CVE-2025-66497 is a vulnerability classified under CWE-125 (Out-of-bounds Read) affecting Foxit PDF Reader, a widely used PDF viewing application. The flaw exists in the 3D annotation handling component, specifically when parsing PRC (Product Representation Compact) data embedded in PDF files. Due to insufficient bounds checking, a specially crafted PDF containing malformed PRC content can trigger out-of-bounds memory access, resulting in memory corruption. This memory corruption can potentially lead to information disclosure, application crashes, or other undefined behaviors compromising the confidentiality, integrity, and availability of the affected system. The vulnerability affects multiple versions of Foxit PDF Reader, including versions 13.2.1 and earlier, 14.0.1 and earlier, and 2025.2.1 and earlier. The CVSS v3.1 base score is 5.3, indicating medium severity, with an attack vector limited to local (the attacker must have the ability to deliver and open a malicious PDF file), low attack complexity, no privileges required, but requiring user interaction. No patches or exploit code are currently publicly available, and no known exploits have been observed in the wild. The vulnerability was publicly disclosed on December 19, 2025. The flaw could be leveraged by attackers to execute arbitrary code or cause denial of service if combined with other vulnerabilities or techniques, although direct remote exploitation without user interaction is not feasible.

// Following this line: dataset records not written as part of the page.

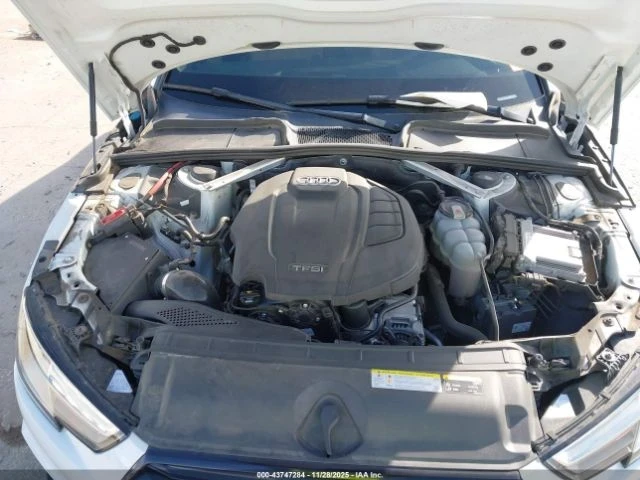 Audi A4 40 TITANIUM PREMIUM - изображение 4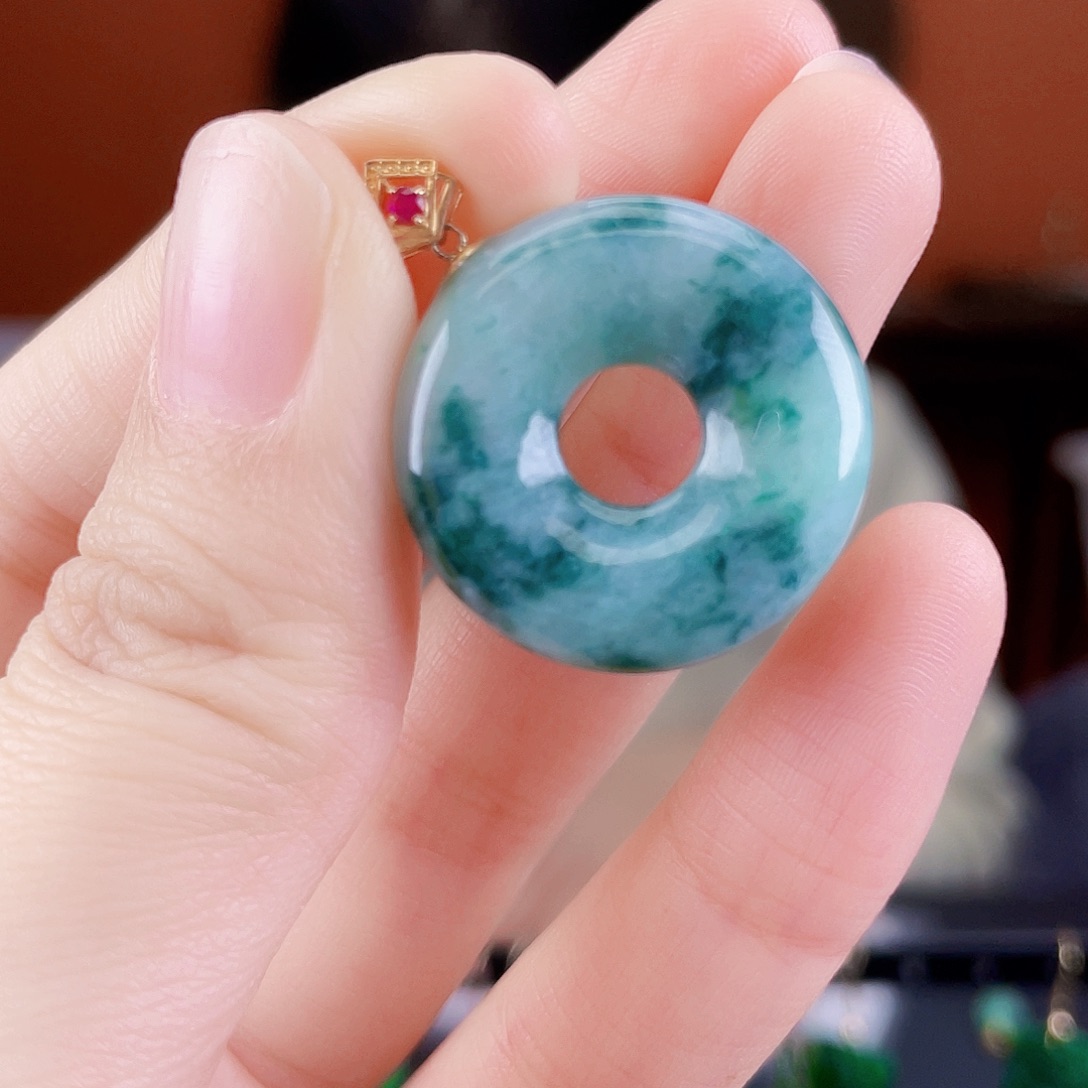 翡翠18K金镶嵌耳饰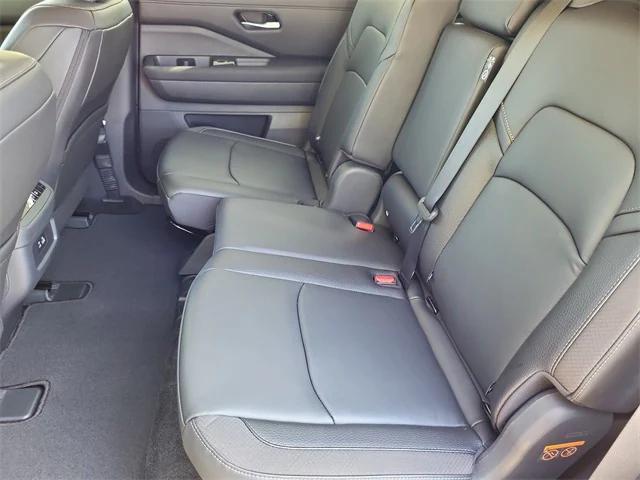 new 2025 Nissan Pathfinder car, priced at $47,020
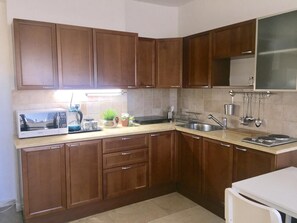 Kühlschrank, Mikrowelle, Herdplatte, Wasserkocher mit Kaffee-/Teezubehör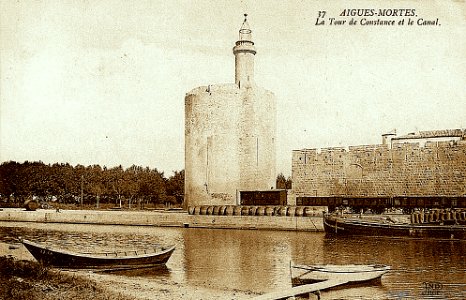 Aigues-Mortes Le port et la Tour de Constance
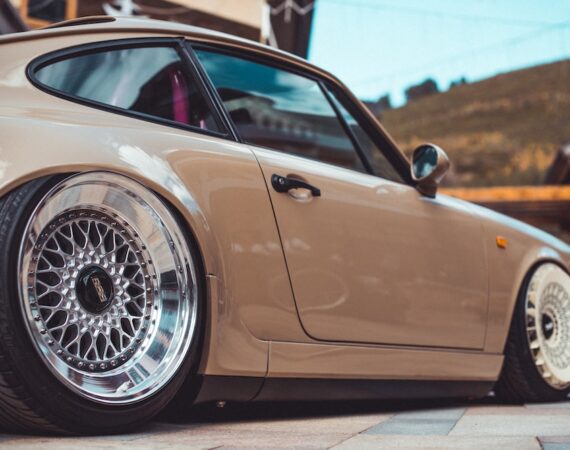 車貸利率調整方式解析:如何有效降低月付款負擔 4 photo 1567691624074 d25d4b76fbac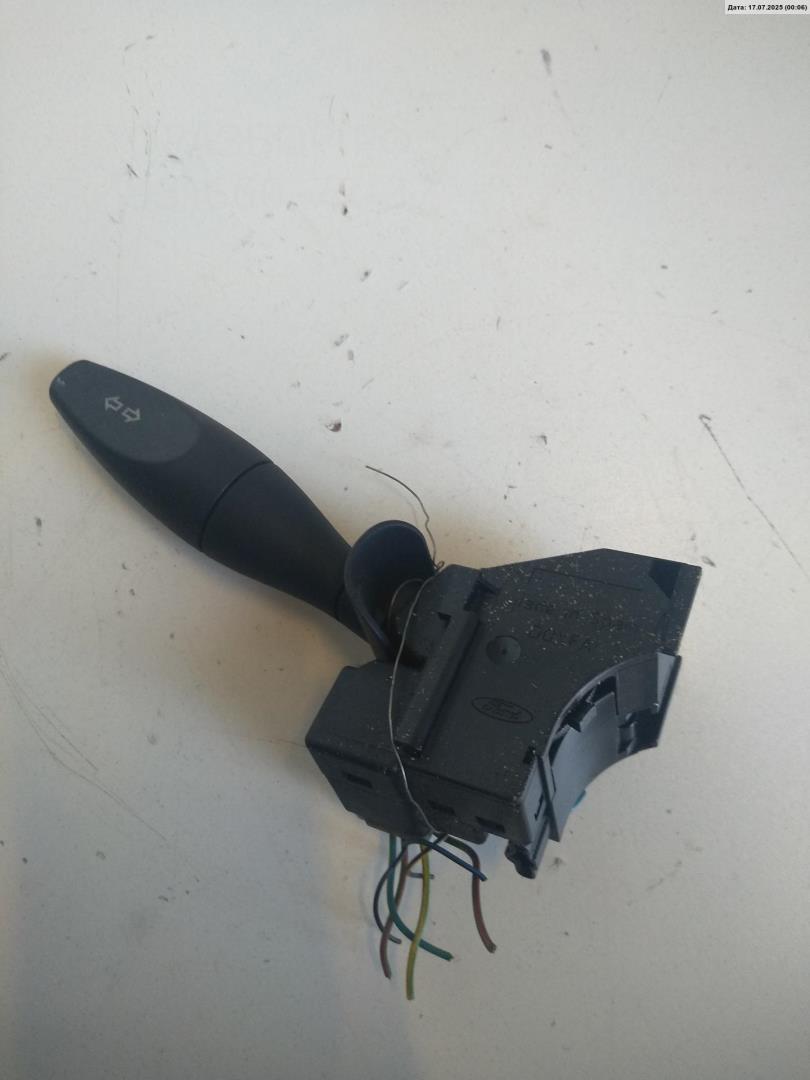 Переключатель поворотов подрулевой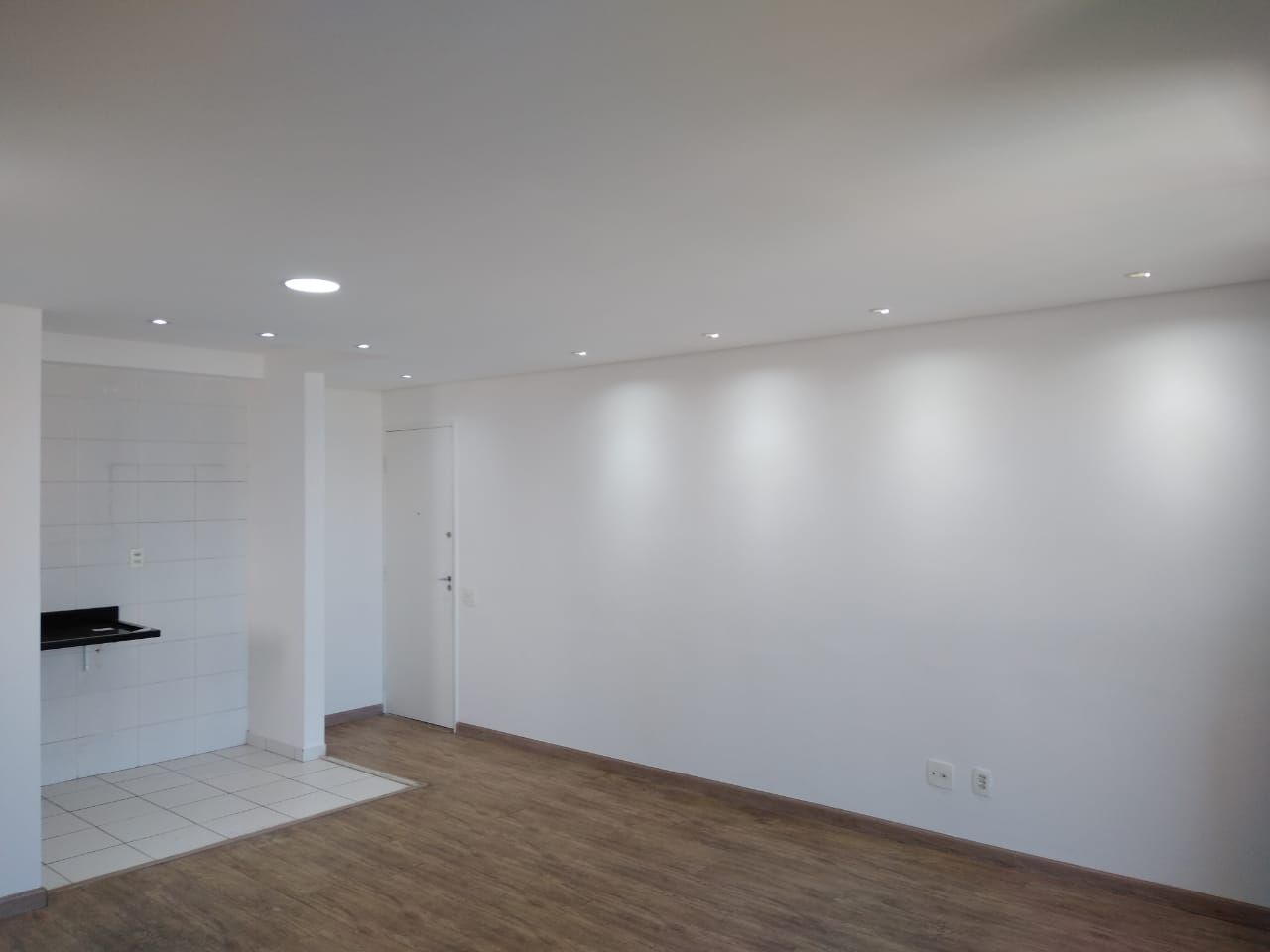 Apartamento à venda com 2 quartos, 70m² - Foto 2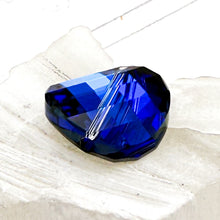 Load image into Gallery viewer, 18mm Crystal Bermuda Blue Twist Bead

For European organizations, this vulnerability poses a moderate risk primarily through targeted phishing or social engineering attacks where malicious PDFs are delivered via email or other file-sharing methods. Successful exploitation could lead to memory corruption causing application crashes, potential data leakage, or escalation when chained with other vulnerabilities. Organizations handling sensitive documents or intellectual property in PDF format are at risk of confidentiality breaches. The impact on availability could disrupt business operations if critical users’ PDF readers crash or become unstable. Given the widespread use of Foxit PDF Reader in various sectors including government, finance, and legal services across Europe, the vulnerability could be exploited to compromise endpoints or gain footholds in networks. However, the requirement for user interaction and local attack vector limits large-scale automated exploitation. The absence of known exploits reduces immediate threat but does not eliminate future risk, especially as attackers often develop exploits post-disclosure.

European organizations should implement the following specific mitigations: 1) Monitor Foxit Software’s advisories closely and apply security patches promptly once released to address this vulnerability. 2) Enforce strict email and file attachment filtering to block or quarantine suspicious PDFs, especially those containing 3D annotations or PRC data. 3) Educate users about the risks of opening unsolicited or unexpected PDF files and encourage verification of file sources. 4) Configure endpoint protection solutions to detect anomalous behavior or crashes related to Foxit PDF Reader. 5) Consider disabling or restricting 3D annotation features in Foxit PDF Reader via configuration or group policy if feasible. 6) Employ application whitelisting and sandboxing techniques to limit the impact of potential exploitation. 7) Maintain up-to-date backups and incident response plans to quickly recover from any compromise or disruption caused by exploitation attempts.